Short web captions:
━━━━━━━━

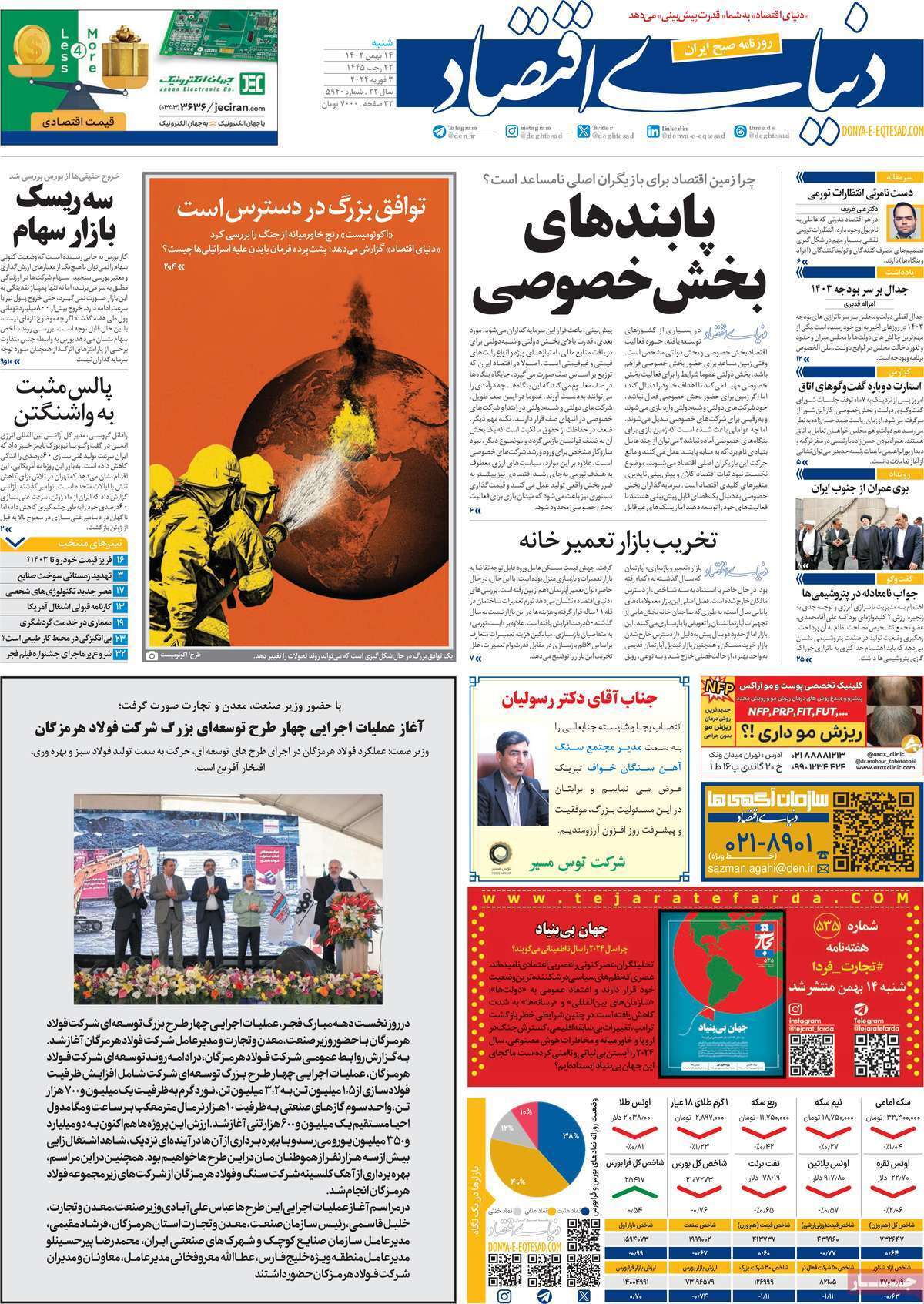 روزنامه دنیای اقتصاد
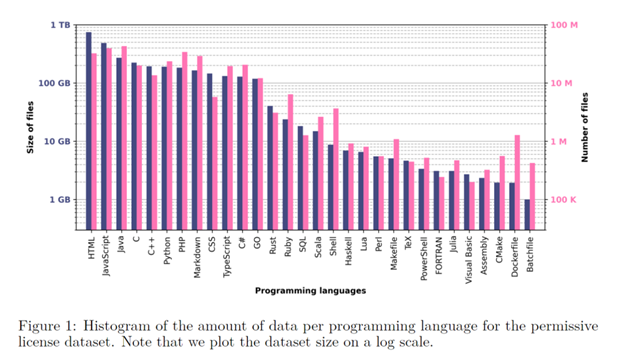 ServiceNow AI Research tweet media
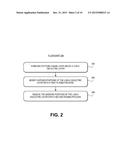 METHOD OF PATTERNING A LOW-K DIELECTRIC FILM diagram and image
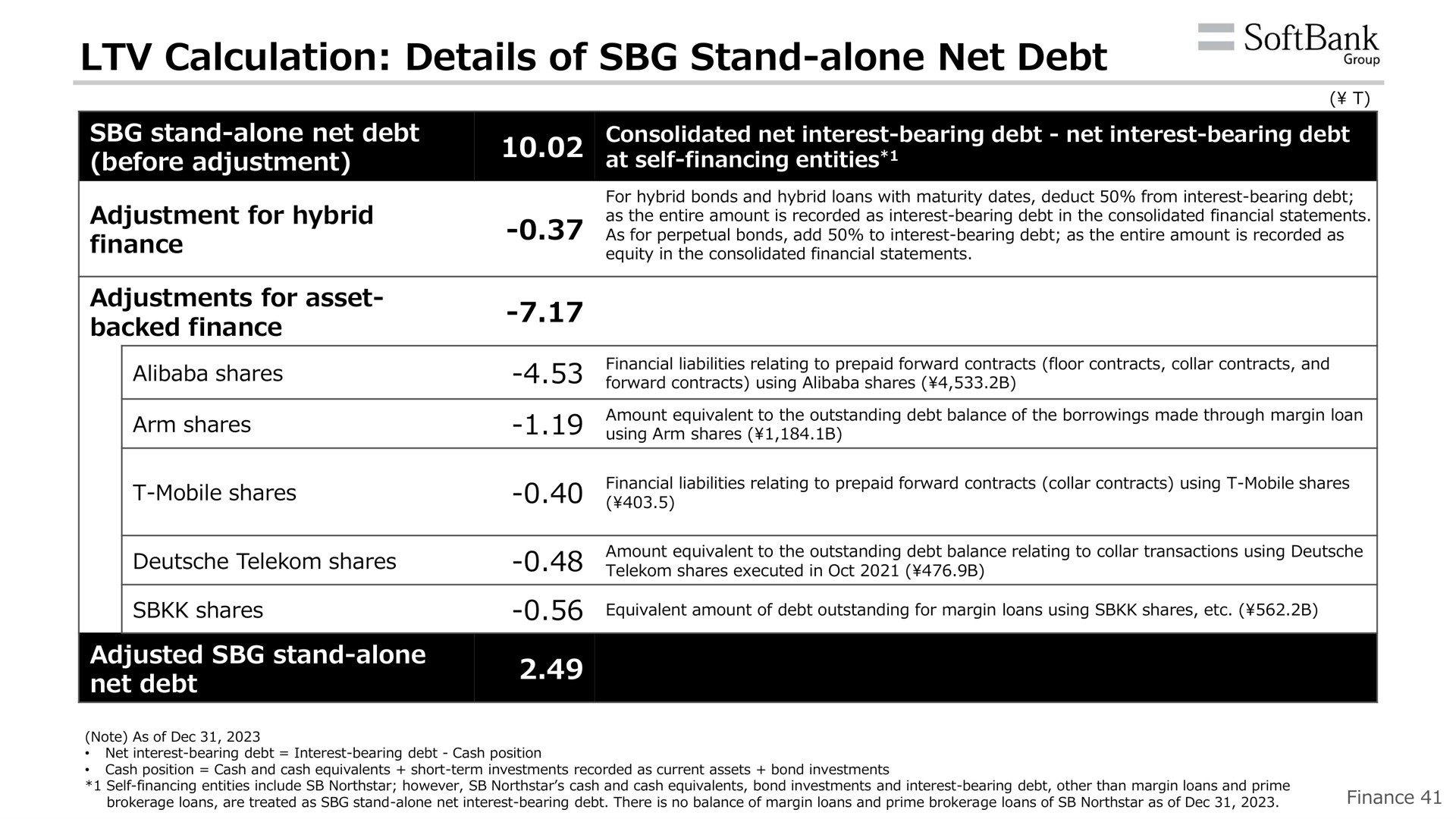 calculation details of stand alone net debt | SoftBank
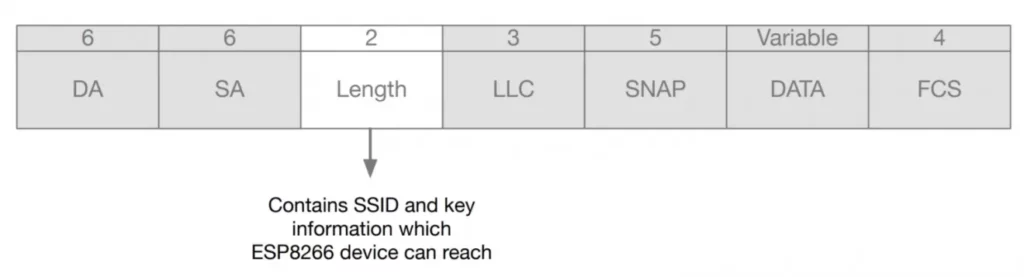 ESPTouch gửi các gói dữ liệu UDP gián tiếp tới ESP32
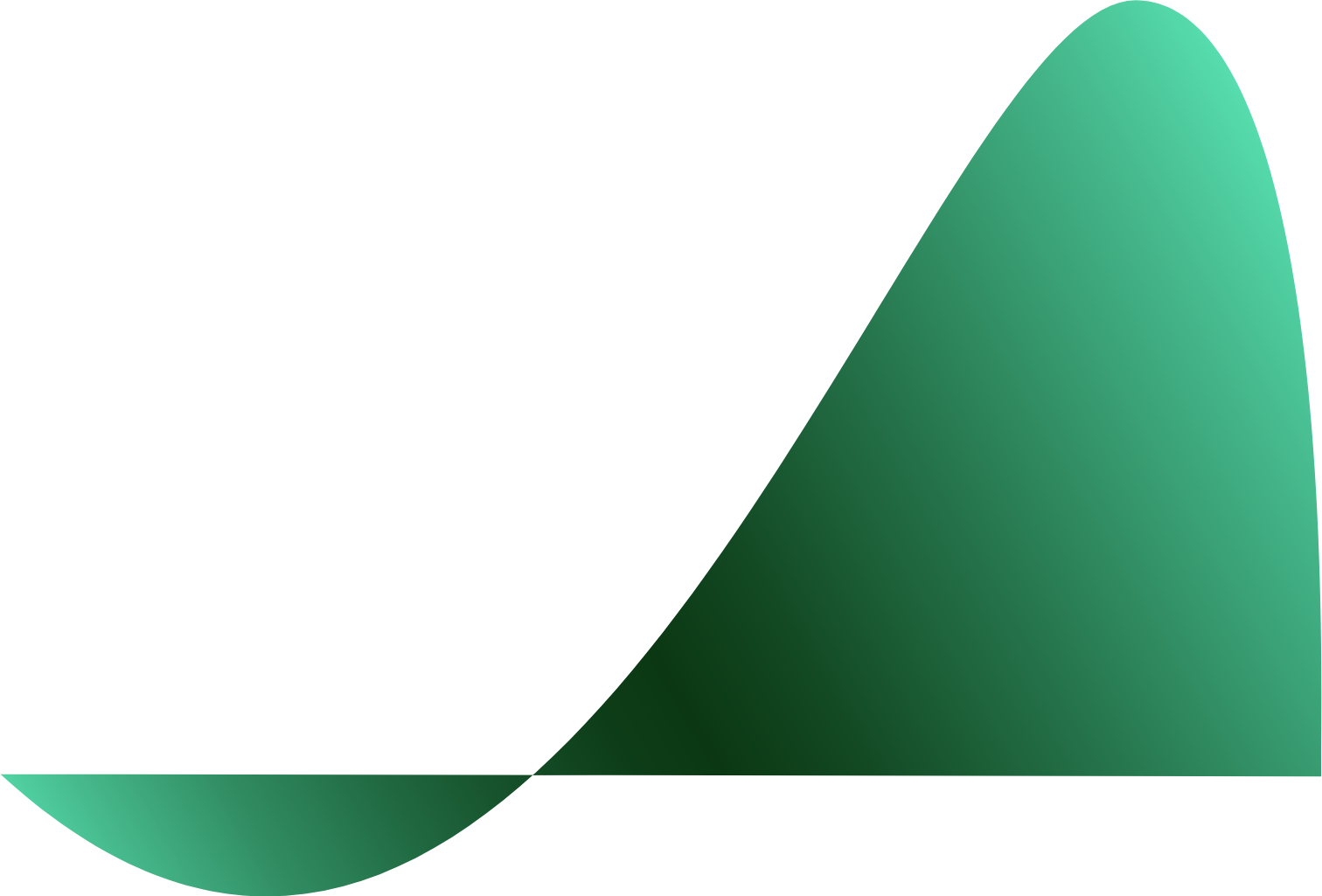 Arcadium Lithium Logo (transparentes PNG)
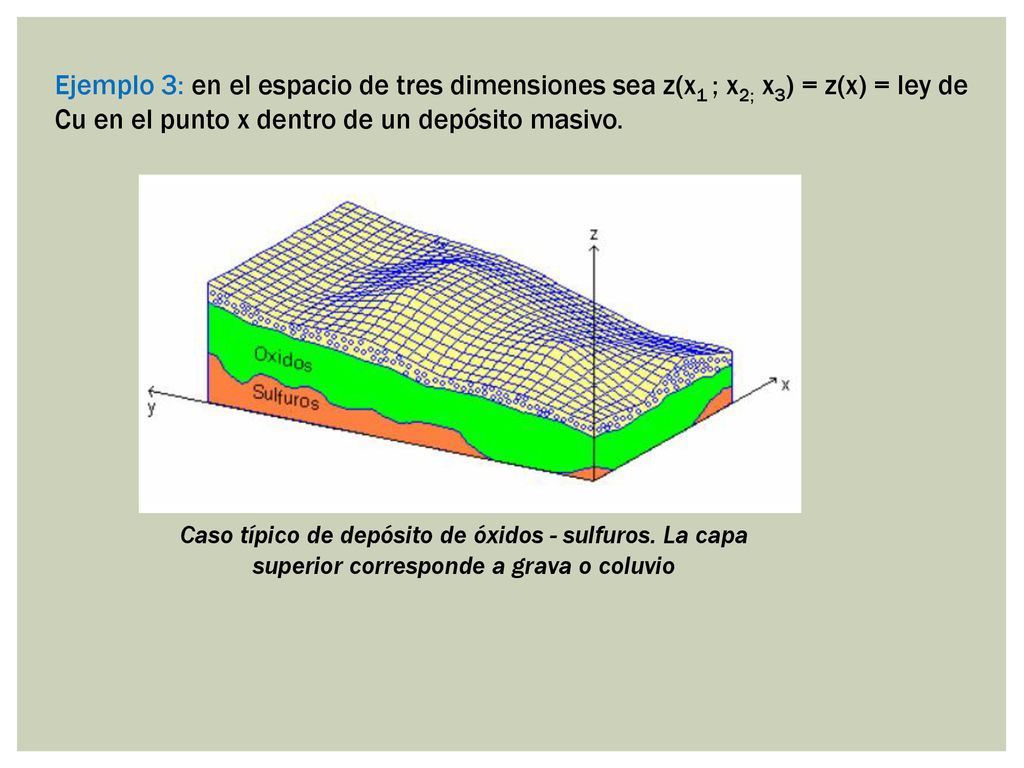 Ejemplo 3: en el espacio de tres dimensiones sea z(x1 ; x2; x3) = z(x) = ley de Cu en el punto x dentro de un depósito masivo.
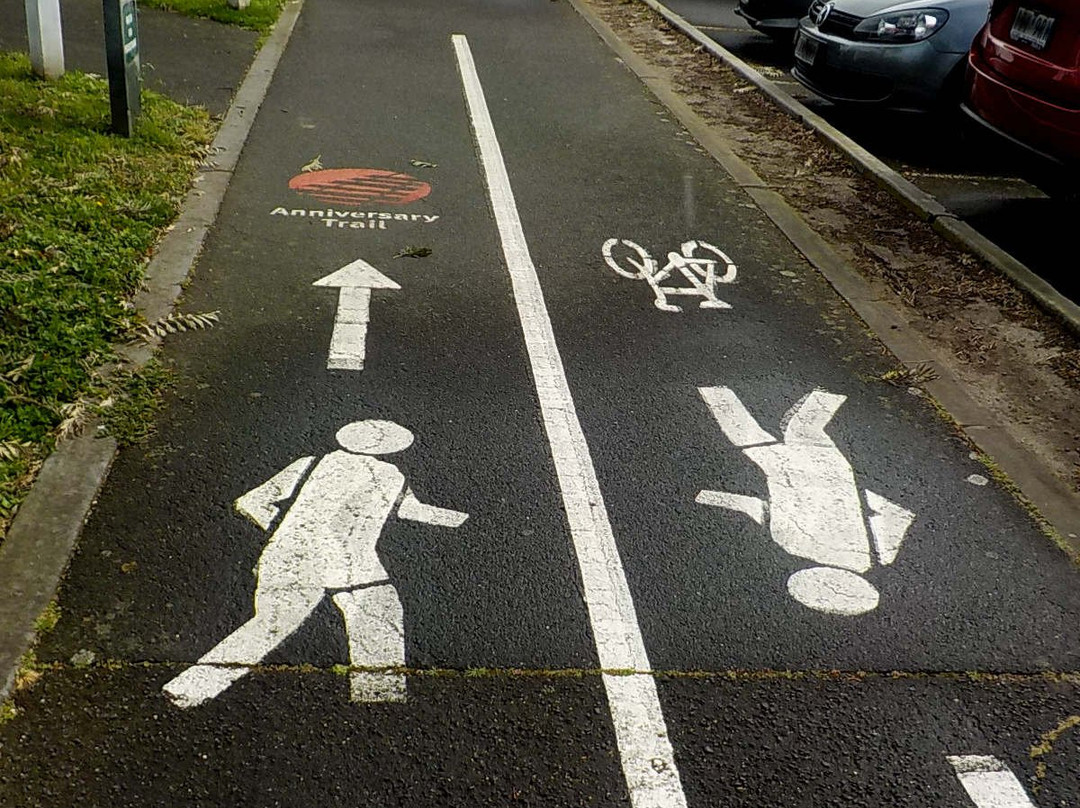 Outer Circle Rail Trail-墨尔本必去景点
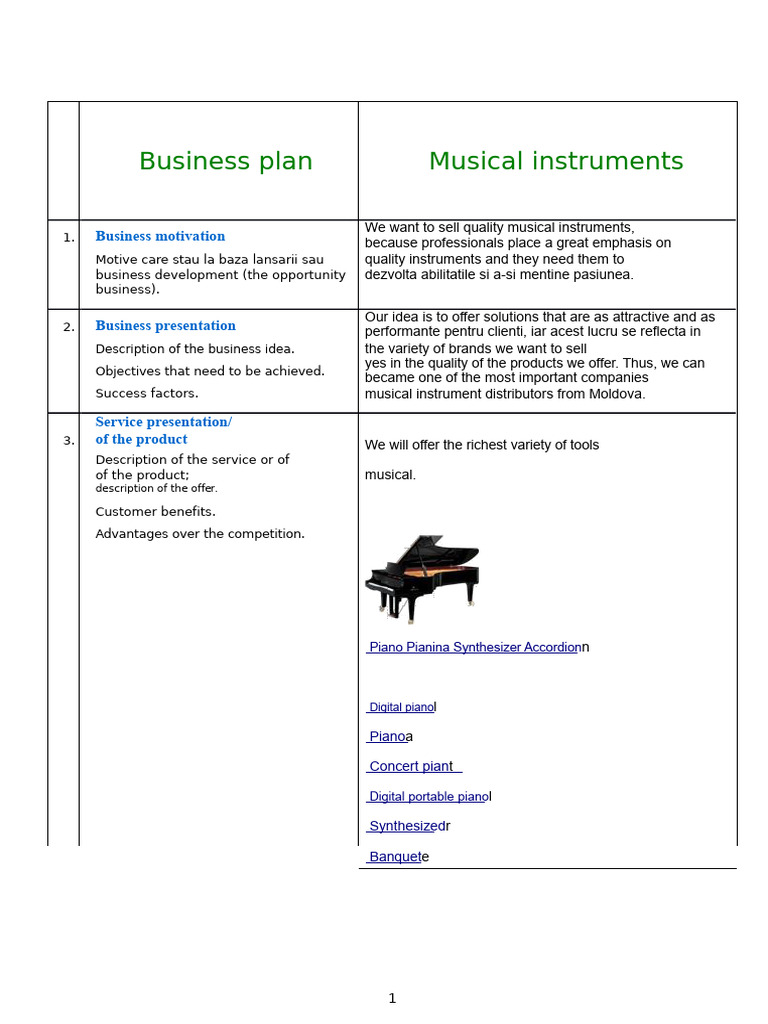 Music Instruments Store | PDF | Musical Instruments | Budget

━━━━━━━━

## [Action item]
Output, exactly and only, the lines beginning with the one that contains "Outer Circle Rail Trail-墨尔本必去景点" and ending at the last line of the records above. Drop the pictures.

## [Your solution]
 Outer Circle Rail Trail-墨尔本必去景点
 Music Instruments Store | PDF | Musical Instruments | Budget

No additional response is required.